Leaning to the Middle

Are Millienials leaning towards Constitutional originalism? This article argues that they may be doing so. It's quite well-written and a good read in general:

The way our republic is supposed to work is that our would-be Ruling Class can neither seize power nor wealth, nor keep it, except by the active, ongoing consent of the people. So the congressman who goes native loses, the CEO who approves New Coke gets fired, and so on. The secret sauce of American exceptionalism is that in every sector of life, success depended on service, mostly service to each other. But today the elites have figured out how to mercantilize the economy, and deployed the Administrative State as a paternalistic substitute for civil society. Look at any law, and you’ll find that the Ruling Class consistently benefits, directly or indirectly, by severing the links between the elites’ success and public approval.

What Republicans have forgotten, or never really knew, is that the free market and constitutional republicanism and federalism (localism) were all specifically designed to empower the little people over the big. They can’t get it through their heads that, yes, the point of the Constitution and of America was to reject the remnants of mercantile feudalism and all its side effects. The point of America is not that a single mom in Nevada and a mechanic in Ohio are just as important as Harry Reid and John Boehner, but in the ways that matter most, they are more important. It is by their consent that they are governed, not the other way around.
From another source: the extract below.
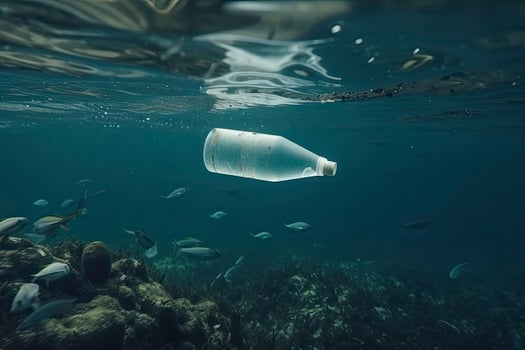 Plastic bottle floating in ocean with aquatic animal, fish. Pollution of plastic and Garbage in open sea concept photo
This is of course blindingly obvious to people of our generation and older, because we were taught as much in school. But civics, history and government have been reduced to mere nubs of their former selves in the public education system. Whether it was intentionally conspiratorial or simply more Unintended Consequence of leftist gullibility is now irrelevant; the fact is accomplished, the damage done.

What is certain is that a great many Americans of all generations are fed up with business-as-usual in the District of Columbia. We're tired of being treated like illiterate serfs who aren't bright enough to learn Latin and are therefore ignorant of the greater mysteries of Law, Science and Religion. We're annoyed by watching blithering moron trust-fund babies like John Kerry strut around in imitation of nobility, their entitlements hanging disgustingly out of their pants. We're frustrated to the point of murder with men who tells us whatever they feel they have to tell us to get elected, then renege on every promise as soon as power is theirs.

Whether a new generation can relearn the principles of exceptionalism, limited government and the responsibility of freedom in time to save the Republic is a matter for debate. I'm not hopeful, but anything is possible.